Compatibility with other Login Mechanisms

This identity mechanism is designed to be compatible with other identity mechanisms in use today such as OpenID, Facebook Connect, and Firefox ID.

Integration with Mozilla Persona / Firefox ID

The identity mechanism is such that it can be returned in a Mozilla Persona or FxID-based login. The assertion returned to the FxID-enabled website would contain an identity URL which would be compatible with this specification.
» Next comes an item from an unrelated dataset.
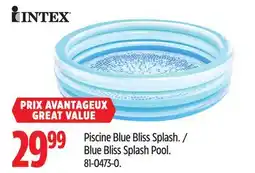 Canadian Tire INTEX Blue Bliss Splash Pool offer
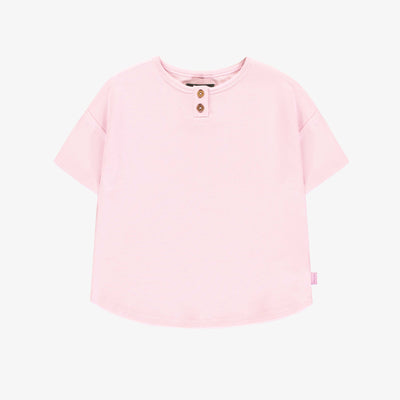 T-shirt à manches courtes de coupe décontractée Lilas, Enfant || Lilac short sleeves relaxed fit T-shirt, Kid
This allows both the basic email address to the validated, and extension information (such as citizenship information, age assertions) to be discoverable after the login. 

{
  "public-key": {
    "algorithm": "DS",
    "y": "8e65e949e2e...1263ea6",
    "p": "ff600483dab...7fc26d0",
    "q": "e21e04f91d1...ecaab3b",
    "g": "c52a4a0ff34...233397a"
  },
  "principal": {
    "@context": "https://w3id.org/identity/v1",
    "email": "asmith@example.org",
    "identity": "https://example.org/identities/alice"   <--- This bootstraps the identity assertion discovery process
  },
  "iat": 1392697368513,
  "exp": 1392783768513,
  "iss": "example.org"
}

Integration with OpenID, OAuth1, and OAuth2

The mechanism should be able to be used via OpenID, OpenID Connect, and possibly both versions of OAuth. This section should elaborate how one can provide pointers to the identity assertion URL using those methods.